▸ **What is needed**: Once you reach the line that holds "Anisimova Defeats Keys" in the listing below, output it and every line after it through the line that holds "Agriturismo Cascina Varie 카르타니토 외부 사진", word for word.
*** Opening of Study material ***
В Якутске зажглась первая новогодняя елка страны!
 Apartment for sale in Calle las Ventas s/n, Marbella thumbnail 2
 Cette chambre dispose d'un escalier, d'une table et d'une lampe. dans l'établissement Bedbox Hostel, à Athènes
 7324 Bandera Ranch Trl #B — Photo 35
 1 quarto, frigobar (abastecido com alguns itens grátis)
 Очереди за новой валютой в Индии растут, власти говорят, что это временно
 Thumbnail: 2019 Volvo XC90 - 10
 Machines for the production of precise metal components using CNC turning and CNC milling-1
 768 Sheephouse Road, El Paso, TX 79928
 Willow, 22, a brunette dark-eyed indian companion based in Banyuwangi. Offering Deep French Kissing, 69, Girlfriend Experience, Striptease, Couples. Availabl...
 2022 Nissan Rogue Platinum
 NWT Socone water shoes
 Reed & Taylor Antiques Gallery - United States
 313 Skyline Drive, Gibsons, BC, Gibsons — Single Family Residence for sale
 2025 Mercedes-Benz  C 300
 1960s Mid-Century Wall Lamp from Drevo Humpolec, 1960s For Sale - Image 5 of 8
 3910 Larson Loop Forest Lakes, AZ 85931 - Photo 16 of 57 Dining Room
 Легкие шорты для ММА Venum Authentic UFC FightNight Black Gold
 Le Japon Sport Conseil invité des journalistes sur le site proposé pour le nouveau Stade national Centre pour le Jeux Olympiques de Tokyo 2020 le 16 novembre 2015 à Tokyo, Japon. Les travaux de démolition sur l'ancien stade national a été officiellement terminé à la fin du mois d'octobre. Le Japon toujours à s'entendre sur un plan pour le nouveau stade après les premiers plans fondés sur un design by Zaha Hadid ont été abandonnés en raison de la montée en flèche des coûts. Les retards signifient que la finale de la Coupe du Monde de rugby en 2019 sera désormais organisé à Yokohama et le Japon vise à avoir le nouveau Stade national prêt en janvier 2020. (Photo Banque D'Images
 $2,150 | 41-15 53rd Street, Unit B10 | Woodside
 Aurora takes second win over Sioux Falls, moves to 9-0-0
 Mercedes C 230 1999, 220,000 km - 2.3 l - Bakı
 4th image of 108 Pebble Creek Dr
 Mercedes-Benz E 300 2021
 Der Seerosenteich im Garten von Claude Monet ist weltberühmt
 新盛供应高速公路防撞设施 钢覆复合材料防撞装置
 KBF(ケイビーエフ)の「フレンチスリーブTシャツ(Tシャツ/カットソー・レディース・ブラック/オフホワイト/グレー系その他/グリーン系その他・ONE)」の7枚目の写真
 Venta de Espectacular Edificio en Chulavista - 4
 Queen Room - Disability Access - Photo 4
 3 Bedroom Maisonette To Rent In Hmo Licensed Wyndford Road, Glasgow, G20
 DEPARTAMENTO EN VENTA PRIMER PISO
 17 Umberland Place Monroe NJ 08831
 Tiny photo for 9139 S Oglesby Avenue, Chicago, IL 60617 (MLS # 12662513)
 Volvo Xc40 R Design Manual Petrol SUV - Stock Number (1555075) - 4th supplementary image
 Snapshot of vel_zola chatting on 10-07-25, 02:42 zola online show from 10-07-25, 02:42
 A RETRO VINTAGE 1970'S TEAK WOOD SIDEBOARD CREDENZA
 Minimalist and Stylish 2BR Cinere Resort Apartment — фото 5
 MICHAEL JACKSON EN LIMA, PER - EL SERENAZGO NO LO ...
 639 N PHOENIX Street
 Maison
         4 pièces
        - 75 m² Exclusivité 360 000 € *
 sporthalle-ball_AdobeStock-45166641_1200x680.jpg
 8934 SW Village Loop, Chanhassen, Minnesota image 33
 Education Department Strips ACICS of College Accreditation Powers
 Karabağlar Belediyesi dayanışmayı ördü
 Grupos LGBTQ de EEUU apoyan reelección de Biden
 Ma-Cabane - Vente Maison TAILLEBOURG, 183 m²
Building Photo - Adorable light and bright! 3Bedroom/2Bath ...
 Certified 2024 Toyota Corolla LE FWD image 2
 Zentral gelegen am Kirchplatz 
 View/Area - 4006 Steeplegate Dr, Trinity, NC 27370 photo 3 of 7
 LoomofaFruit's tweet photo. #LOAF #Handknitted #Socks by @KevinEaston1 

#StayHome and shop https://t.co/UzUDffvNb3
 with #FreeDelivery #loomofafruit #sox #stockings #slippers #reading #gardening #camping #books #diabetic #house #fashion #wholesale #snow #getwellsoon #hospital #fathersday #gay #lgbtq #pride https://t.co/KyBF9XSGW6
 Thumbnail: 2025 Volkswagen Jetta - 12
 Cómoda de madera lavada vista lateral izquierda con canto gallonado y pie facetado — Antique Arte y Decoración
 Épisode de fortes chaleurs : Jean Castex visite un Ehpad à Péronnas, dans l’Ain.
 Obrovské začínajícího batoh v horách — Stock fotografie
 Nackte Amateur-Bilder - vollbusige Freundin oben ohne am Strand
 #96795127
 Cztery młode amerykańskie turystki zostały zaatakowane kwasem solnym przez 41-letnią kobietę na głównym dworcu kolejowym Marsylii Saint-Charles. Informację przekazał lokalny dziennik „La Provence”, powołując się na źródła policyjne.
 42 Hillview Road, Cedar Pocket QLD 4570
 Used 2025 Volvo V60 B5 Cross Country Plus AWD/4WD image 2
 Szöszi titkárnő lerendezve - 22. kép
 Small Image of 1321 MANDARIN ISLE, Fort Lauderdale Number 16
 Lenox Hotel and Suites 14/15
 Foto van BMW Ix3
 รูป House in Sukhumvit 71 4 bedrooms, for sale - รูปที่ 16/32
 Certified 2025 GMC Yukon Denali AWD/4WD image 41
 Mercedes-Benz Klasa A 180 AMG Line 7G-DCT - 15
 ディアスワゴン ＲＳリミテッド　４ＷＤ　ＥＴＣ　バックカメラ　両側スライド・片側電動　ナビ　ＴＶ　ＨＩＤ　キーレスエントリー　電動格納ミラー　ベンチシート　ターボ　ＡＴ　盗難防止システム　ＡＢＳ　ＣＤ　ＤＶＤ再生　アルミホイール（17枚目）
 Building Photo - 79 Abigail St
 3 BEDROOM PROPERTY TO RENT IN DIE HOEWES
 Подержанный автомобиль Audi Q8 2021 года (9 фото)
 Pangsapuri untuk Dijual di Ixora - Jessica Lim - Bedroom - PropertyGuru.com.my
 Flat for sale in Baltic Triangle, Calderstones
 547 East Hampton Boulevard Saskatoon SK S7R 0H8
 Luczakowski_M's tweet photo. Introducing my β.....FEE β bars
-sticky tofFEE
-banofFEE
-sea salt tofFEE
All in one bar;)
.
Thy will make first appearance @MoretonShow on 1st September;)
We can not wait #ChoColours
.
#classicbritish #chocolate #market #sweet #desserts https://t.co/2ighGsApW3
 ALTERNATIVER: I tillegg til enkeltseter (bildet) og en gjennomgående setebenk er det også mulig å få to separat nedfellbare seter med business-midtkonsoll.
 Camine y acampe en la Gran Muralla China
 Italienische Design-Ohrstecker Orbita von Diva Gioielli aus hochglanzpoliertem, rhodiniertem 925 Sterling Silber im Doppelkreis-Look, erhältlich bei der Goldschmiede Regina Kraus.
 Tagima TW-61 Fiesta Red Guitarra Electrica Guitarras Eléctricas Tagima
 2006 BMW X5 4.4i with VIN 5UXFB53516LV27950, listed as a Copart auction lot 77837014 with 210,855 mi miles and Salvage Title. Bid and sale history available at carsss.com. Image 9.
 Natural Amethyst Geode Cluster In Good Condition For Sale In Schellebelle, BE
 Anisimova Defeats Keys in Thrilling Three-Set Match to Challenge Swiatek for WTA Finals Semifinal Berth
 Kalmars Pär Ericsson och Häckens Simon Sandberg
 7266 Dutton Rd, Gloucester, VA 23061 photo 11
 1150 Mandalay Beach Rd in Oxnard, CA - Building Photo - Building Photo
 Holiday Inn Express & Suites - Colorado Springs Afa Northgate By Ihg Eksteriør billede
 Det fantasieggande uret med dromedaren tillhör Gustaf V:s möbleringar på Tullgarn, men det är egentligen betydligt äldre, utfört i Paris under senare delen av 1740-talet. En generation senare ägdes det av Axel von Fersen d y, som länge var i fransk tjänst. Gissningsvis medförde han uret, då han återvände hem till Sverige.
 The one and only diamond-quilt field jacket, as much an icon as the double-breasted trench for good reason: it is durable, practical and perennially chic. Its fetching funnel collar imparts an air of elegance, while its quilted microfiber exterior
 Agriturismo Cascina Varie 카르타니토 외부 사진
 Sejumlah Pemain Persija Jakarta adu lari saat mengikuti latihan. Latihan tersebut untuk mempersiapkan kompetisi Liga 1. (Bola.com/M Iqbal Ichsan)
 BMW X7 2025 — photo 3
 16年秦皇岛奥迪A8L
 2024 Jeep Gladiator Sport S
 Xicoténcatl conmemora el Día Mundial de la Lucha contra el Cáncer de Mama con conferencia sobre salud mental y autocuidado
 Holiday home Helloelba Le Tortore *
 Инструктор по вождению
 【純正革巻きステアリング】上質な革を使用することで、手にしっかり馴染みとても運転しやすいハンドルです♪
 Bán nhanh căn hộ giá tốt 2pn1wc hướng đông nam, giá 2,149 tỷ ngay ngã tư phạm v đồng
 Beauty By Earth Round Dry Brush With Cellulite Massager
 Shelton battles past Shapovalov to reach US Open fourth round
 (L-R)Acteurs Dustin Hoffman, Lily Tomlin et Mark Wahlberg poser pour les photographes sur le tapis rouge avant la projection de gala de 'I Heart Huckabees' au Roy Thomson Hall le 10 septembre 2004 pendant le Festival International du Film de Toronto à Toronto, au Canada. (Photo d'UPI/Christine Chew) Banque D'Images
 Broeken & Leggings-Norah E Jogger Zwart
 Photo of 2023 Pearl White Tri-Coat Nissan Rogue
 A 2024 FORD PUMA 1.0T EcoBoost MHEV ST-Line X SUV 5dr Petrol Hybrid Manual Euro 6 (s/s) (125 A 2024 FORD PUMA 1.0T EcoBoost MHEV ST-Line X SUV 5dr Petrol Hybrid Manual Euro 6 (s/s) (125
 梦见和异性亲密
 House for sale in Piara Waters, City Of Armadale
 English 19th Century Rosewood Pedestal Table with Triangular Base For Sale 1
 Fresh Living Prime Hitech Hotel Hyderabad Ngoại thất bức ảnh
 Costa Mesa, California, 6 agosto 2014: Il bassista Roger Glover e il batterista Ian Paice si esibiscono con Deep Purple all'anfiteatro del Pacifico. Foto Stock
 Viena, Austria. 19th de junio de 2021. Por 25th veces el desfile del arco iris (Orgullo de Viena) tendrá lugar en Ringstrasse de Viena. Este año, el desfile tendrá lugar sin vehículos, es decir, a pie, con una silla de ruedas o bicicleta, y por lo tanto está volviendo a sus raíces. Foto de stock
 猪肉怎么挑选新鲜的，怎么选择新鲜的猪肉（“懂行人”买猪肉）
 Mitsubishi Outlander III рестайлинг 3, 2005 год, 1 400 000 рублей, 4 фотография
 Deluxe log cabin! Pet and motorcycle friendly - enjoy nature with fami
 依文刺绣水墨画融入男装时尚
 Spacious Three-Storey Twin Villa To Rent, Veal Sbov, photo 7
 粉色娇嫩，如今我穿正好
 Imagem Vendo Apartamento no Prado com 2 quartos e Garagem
*** Close of Study material ***
▸ **Solution**:
 Anisimova Defeats Keys in Thrilling Three-Set Match to Challenge Swiatek for WTA Finals Semifinal Berth
 Kalmars Pär Ericsson och Häckens Simon Sandberg
 7266 Dutton Rd, Gloucester, VA 23061 photo 11
 1150 Mandalay Beach Rd in Oxnard, CA - Building Photo - Building Photo
 Holiday Inn Express & Suites - Colorado Springs Afa Northgate By Ihg Eksteriør billede
 Det fantasieggande uret med dromedaren tillhör Gustaf V:s möbleringar på Tullgarn, men det är egentligen betydligt äldre, utfört i Paris under senare delen av 1740-talet. En generation senare ägdes det av Axel von Fersen d y, som länge var i fransk tjänst. Gissningsvis medförde han uret, då han återvände hem till Sverige.
 The one and only diamond-quilt field jacket, as much an icon as the double-breasted trench for good reason: it is durable, practical and perennially chic. Its fetching funnel collar imparts an air of elegance, while its quilted microfiber exterior
 Agriturismo Cascina Varie 카르타니토 외부 사진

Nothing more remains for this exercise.